**Action item**:
What you return must be an exact copy of the lines in the listing below between the line holding "(Image 48). Furnished" and the line holding "2025 Nissan Altima SL photo 2", inclusive, and nothing more.

(Exercise material begins)

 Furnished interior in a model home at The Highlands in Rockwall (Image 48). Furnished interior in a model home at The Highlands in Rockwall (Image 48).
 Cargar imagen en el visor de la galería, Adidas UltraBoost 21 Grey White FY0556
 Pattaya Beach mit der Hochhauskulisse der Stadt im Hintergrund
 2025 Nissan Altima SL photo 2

(Exercise material ends)
(Exercise material begins)

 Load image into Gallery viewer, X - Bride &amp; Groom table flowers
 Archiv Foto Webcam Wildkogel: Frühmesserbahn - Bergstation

(Exercise material ends)
(Exercise material begins)

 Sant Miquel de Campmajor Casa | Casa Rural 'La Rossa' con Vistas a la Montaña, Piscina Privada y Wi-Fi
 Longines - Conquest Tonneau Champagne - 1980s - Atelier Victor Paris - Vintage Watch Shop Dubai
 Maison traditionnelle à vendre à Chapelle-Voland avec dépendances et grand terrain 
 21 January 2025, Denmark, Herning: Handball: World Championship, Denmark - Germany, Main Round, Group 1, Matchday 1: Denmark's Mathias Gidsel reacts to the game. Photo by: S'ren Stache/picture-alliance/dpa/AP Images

(Exercise material ends)

**Written reply**:
 Furnished interior in a model home at The Highlands in Rockwall (Image 48). Furnished interior in a model home at The Highlands in Rockwall (Image 48).
 Cargar imagen en el visor de la galería, Adidas UltraBoost 21 Grey White FY0556
 Pattaya Beach mit der Hochhauskulisse der Stadt im Hintergrund
 2025 Nissan Altima SL photo 2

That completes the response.